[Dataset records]
[Start of Attachment]

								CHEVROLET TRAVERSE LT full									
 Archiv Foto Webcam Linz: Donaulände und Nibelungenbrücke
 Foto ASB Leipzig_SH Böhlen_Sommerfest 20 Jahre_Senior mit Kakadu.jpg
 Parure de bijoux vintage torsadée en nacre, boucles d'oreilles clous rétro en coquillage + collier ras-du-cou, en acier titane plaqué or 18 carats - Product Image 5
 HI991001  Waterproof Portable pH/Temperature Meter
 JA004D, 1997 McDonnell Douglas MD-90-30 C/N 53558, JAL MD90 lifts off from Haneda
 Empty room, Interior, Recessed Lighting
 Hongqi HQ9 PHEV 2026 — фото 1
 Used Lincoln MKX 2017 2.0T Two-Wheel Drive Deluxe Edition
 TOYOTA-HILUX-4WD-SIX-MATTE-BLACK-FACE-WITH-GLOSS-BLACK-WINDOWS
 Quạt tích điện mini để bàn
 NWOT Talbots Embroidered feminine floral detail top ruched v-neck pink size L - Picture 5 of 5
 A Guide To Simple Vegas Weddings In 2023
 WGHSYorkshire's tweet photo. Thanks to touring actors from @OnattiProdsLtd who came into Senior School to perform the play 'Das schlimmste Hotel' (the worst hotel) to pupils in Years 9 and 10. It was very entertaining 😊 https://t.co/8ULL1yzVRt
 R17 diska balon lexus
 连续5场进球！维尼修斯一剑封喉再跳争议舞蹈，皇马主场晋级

[End of Attachment]

[Your assignment] Extract every line containing the string "Foto" from the data above.

[Expected answer]
 Archiv Foto Webcam Linz: Donaulände und Nibelungenbrücke
 Foto ASB Leipzig_SH Böhlen_Sommerfest 20 Jahre_Senior mit Kakadu.jpg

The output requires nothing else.